From the list of permissions of a dataset, you can easily:

  • search for permissions
  • edit a permission
  • copy on or several permission from the current dataset to on or several other datasets of your data explorer
  • delete one or several permissions
  • preview the data as a user (same principle as described in the section “Create premissions” above)
manage permission

Test permissions

Aside from the data preview already presented in the above sections, you have a very useful feature to easily test permissions: you can view the app as another user, with all its user attributes.

To access this feature you can click on the “View as” icon in the staging toolbar as shown below:

view as icon

From here if you are Admin you have access to the list of all users that has access to the app. You can just click on any user to view the app as this user.

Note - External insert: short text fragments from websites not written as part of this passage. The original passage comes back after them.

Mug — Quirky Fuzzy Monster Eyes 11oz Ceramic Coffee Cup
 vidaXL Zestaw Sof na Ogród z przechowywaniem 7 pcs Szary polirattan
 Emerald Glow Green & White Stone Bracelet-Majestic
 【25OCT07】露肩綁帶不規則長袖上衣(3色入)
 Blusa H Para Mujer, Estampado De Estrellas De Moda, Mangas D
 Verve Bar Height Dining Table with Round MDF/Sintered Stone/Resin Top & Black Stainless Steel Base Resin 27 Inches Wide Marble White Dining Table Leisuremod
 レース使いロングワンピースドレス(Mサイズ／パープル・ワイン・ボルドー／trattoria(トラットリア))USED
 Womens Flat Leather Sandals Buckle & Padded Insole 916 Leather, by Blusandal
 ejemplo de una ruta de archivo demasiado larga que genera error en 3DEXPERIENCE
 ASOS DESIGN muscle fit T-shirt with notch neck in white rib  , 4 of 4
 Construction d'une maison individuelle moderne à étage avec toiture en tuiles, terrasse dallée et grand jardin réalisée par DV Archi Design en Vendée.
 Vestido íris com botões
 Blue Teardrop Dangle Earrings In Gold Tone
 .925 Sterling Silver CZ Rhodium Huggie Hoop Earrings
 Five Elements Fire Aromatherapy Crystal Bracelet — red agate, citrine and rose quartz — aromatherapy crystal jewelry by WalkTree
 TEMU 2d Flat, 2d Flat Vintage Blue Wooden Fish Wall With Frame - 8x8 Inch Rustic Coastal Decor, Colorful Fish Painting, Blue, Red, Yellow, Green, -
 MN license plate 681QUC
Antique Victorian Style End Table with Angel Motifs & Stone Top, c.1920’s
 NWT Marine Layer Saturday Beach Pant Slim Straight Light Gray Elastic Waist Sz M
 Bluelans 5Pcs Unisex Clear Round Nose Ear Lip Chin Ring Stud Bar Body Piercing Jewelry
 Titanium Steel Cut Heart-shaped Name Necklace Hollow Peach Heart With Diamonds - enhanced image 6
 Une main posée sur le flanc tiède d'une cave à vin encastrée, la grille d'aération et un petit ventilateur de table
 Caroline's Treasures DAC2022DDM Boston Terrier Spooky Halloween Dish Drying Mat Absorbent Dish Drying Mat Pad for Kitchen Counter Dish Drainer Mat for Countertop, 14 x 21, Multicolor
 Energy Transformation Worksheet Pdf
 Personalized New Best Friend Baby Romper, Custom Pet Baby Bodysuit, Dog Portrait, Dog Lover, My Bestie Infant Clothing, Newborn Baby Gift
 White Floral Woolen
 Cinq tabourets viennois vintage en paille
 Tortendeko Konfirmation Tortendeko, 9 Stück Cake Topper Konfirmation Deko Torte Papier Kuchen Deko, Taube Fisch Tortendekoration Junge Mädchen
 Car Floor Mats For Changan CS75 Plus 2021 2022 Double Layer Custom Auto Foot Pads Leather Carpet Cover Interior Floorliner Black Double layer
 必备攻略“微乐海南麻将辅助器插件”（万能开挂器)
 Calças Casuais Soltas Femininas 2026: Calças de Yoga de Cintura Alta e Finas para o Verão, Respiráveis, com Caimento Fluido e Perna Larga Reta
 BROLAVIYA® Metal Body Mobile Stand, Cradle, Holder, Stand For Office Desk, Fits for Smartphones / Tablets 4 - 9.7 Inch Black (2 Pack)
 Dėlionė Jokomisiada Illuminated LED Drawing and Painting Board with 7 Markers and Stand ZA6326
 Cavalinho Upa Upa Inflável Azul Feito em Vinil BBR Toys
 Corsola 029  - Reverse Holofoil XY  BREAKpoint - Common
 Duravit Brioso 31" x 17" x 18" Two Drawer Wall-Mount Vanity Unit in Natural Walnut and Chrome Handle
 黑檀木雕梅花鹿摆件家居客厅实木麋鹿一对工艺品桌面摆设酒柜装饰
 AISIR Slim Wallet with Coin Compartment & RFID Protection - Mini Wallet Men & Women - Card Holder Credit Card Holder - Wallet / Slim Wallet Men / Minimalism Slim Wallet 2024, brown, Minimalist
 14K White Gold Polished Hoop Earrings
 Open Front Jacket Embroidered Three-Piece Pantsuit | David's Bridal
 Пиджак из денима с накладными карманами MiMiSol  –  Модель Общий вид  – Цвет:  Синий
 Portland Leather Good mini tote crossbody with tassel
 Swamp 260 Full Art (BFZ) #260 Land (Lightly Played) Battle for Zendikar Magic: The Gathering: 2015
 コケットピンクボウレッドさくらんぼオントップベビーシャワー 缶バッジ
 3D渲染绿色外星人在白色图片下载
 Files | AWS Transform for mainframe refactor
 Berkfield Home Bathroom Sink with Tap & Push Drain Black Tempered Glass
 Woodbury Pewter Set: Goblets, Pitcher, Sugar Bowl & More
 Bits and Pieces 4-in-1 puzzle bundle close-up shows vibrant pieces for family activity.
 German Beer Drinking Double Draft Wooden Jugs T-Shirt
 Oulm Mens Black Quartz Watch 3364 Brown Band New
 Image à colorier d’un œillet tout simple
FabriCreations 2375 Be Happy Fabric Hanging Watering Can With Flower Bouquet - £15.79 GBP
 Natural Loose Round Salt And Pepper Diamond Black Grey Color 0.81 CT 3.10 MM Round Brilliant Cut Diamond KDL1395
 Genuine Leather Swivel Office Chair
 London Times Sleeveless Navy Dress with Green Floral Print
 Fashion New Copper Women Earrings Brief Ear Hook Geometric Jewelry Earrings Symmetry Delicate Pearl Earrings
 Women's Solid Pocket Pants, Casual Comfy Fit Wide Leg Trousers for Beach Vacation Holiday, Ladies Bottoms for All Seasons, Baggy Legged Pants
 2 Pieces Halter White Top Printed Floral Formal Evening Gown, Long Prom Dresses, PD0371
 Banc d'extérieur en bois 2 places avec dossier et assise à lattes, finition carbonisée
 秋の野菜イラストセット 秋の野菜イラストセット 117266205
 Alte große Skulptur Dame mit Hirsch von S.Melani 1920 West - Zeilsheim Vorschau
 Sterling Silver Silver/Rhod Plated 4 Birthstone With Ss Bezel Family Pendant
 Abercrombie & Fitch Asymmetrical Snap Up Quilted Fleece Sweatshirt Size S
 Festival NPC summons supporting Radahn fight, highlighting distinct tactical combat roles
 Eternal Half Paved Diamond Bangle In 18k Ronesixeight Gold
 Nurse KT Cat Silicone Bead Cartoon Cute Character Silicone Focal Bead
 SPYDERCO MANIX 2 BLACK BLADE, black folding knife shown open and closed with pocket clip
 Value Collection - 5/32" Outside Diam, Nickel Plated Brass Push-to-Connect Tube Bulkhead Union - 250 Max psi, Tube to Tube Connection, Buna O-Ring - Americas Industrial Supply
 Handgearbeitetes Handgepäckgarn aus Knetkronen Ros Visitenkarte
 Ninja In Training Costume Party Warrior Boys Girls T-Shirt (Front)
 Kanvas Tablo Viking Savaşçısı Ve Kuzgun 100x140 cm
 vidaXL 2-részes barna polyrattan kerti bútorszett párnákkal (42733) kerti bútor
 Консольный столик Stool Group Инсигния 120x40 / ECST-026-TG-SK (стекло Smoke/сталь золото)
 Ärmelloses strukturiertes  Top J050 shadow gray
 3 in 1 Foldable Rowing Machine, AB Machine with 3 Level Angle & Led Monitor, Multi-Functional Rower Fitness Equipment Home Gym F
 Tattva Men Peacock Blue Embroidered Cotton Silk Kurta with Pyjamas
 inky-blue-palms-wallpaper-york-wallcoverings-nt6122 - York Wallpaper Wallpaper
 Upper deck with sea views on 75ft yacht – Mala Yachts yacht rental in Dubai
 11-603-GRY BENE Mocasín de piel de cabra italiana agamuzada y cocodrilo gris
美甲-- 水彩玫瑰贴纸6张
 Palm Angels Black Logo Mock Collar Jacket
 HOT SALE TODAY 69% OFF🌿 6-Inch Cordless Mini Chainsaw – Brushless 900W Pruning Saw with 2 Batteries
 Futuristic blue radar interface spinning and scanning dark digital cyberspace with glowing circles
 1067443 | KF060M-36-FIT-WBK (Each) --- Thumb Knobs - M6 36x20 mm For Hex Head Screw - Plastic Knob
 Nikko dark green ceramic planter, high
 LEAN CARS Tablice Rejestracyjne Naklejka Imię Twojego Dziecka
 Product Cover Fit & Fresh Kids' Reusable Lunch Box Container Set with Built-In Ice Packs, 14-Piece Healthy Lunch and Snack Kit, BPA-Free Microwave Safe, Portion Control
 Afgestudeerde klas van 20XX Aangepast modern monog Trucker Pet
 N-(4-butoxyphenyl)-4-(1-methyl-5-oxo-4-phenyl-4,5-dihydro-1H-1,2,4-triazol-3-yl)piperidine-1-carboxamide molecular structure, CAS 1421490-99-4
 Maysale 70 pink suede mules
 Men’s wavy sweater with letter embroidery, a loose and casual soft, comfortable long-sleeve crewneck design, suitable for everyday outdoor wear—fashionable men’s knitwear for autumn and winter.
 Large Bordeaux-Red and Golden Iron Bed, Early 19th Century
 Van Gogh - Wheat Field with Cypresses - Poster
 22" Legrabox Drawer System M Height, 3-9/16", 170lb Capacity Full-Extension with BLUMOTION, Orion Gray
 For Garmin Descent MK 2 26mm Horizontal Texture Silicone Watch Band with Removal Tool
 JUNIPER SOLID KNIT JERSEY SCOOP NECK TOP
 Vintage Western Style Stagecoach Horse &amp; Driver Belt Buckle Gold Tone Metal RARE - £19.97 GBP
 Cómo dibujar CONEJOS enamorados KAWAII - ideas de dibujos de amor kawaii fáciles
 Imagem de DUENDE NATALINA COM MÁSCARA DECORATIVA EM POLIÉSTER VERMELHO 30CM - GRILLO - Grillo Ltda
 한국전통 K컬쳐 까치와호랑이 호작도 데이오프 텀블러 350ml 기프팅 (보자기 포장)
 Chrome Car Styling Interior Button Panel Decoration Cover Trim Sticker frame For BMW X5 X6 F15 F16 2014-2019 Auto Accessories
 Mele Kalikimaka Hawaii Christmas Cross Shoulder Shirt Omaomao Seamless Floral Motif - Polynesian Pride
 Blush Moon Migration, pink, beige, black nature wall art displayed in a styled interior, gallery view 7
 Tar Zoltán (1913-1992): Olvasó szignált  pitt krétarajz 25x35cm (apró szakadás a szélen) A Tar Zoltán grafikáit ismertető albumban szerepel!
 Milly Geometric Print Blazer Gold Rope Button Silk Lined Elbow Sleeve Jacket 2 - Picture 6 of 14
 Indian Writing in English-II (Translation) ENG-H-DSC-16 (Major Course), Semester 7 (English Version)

In our example, let’s select the France country manager:

search user

Once you have selected a user you switch to a new mode where the staging toolbar now indicates you that you are currently viewing the app as a specific user. You can validate from our example that the France Country Manager user group only has access to the France consolidated view as well as to the French shops views ! Validating permissions has never been so quick and easy !!

view as user

If you want to quit the view and get back your staging toolbar, just click on the cross on the right of the staging toolbar as shown below:

view as toolbar

Now if you are conceptor, you will not have access to the list of users. Instead when you click on the “View as” icon it will open directly an interface where you can design a fake user to test your permissions. You can attach to this user the user groups that you want to test:

view as custom user

Note that the ability to design a custom user on-the-fly is also accessible to admin as shown below:

view as custom user

This can be very useful when you need to think ahead and define rules based on user groups before having real users attached to those user groups.